Steelers ILBs Vince Williams, Tyler Matakevich don't expect drop-off
It's been 17 years since the Steelers went into a season without a first-round pick atop the depth chart at one of their inside linebacker spots.
How long has it been since there wasn't a first- or second-rounder starting at either spot? Try Bill Cowher's debut season in 1992.
If Penn State is "Linebacker U," it could be argued the Steelers are "Linebacker Inc." And the franchise that has prided itself on linebackers for a half-century typically has prioritized acquiring high-pedigree talent at the position. The Steelers' two current starters at outside linebacker are former first-round picks.
That's why it's so different to scan the Steelers depth chart at ILB. It features sixth-rounder Vince Williams and seventh-rounder Tyler Matakevich. Behind them are a journeyman on his fifth team and four undrafted players.
That's quite the difference for Jerry Olsavsky, who during his first eight seasons coaching the Steelers inside linebackers coach had Pro Bowlers Lawrence Timmons and/or Ryan Shazier as starters.
"I've been blessed. I've had two first-rounders for a long time," Olsavsky said after a minicamp practice this week. "Great players, and hopefully I coached them a little bit and it wasn't just all on raw talent.
"But you've just got to work hard and try to get the guys to believe what they can do. I believe everyone can hit like Lawrence and run like Ryan — or I should say, get to the ball as fast as they can. And that's really how I coach and what they know."
When Earl Holmes and rookie Kendrell Bell started all 16 games in 2001, it marked the most recent season the Steelers didn't have a first-rounder in the middle of their defense. Since then, the likes of former No. 8 overall pick James Farrior (2002-2011) and a pair of players drafted 15th overall (Timmons from 2008-2016, and Shazier from 2013 until his spinal injury last December) were regulars at inside linebacker.
Accounting for second-round picks Bell, Levon Kirkland and Chad Brown, it has been since the Chuck Noll-drafted tandem of Hardy Nickerson and David Little were the primary ILB starters in 1992 that the Steelers didn't stack the middle of their linebacking corps with high-pedigree talent.
But will it matter in 2018? Will the Steelers defense suffer because Williams (sixth round, 2013) and Matakevich (seventh round, 2016) don't run 4.5 40s and/or weigh 255 pounds?
"You just get guys to try to do it within their skill set," said Olsavsky, a former 10th-round pick who started at inside linebacker for the Steelers in the early 1990s. "So that's what I am really going to try to do.

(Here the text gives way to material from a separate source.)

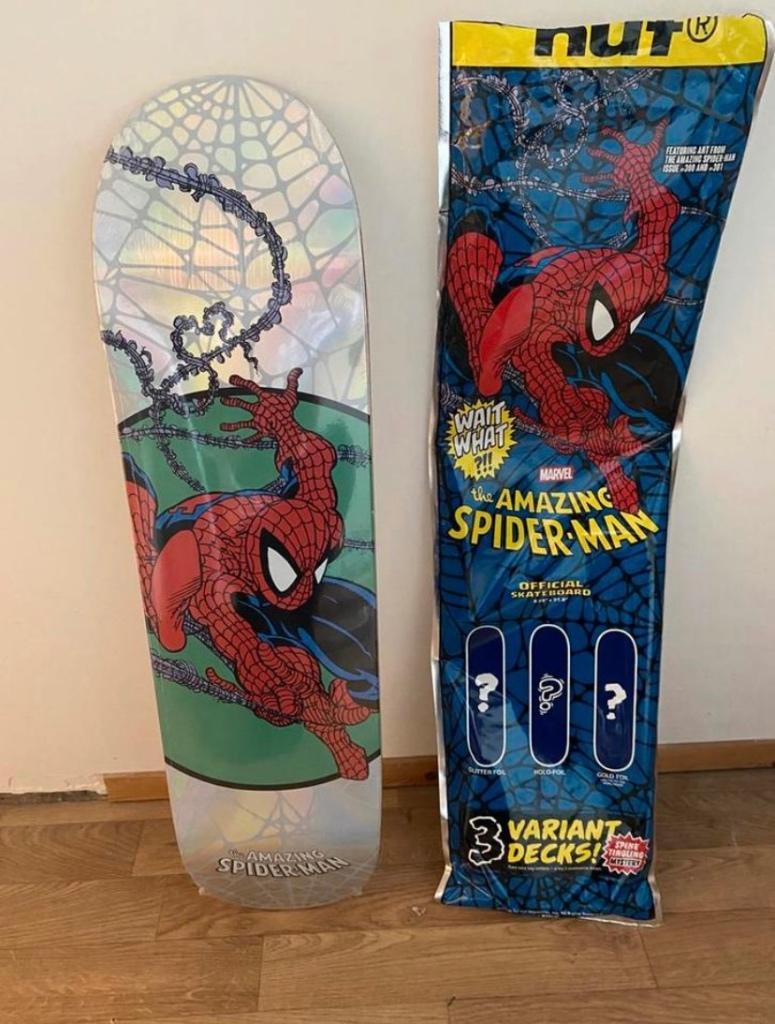 HUF x Marvel Spider-Man skateboard deck, Ophalen, Nieuw, Skateboard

And even though they don't run 4.3, and they can't jump (high), the guys we have can still make a lot of plays."
The projected starters have proven that. Williams had 8½ sacks in limited pass-rushing opportunities last season, and Matakevich was the consensus defensive player of the year while at Temple in 2015 after his fourth 100-tackle season.

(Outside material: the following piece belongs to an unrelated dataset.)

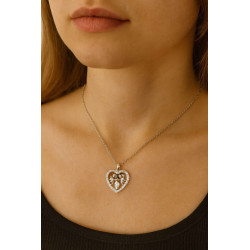 Κολιέ καρδιά από ασήμι 925 SILVENZA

But Matakevich is barely 6-foot and ran a 4.81 40, the skeptics say. Williams' profile isn't all that different.
"I feel communication and, honestly, just studying the game, knowing you can use that knowledge to make up for that speed, I have been doing that my whole life," Matakevich said. "'I might not be able to get there right way, so let me cheat over.' I know in my head, I know what play is coming. Use your knowledge to compensate for little things you lack."
It sounds so much like a feel-good story: the scrappy underdogs taking over for the high-profile, athletic stars. But in the real world, talent typically trumps.
The Steelers tried to sign a high-profile free agent ( Dont'a Hightower ) after Timmons left as a free agent in 2017, and they sought players at the position in the first round ( Rashaan Evans and Leighton Vander Esch ) in April four months following Shazier's serious injury.
Regardless of whether or not that was a tacit acknowledgment that there's more talent needed at the position, Williams and Matakevich frequently have said they find motivation in proving people wrong and playing with the proverbial chip on their shoulders.
"The Steelers haven't fielded a sorry linebacker in how many years?" Williams asked, rhetorically. "When was the last time we've had an incompetent linebacking corps? That's not what we do here.
"Anybody they put out there, they trust them and I trust them and I know they're gonna produce."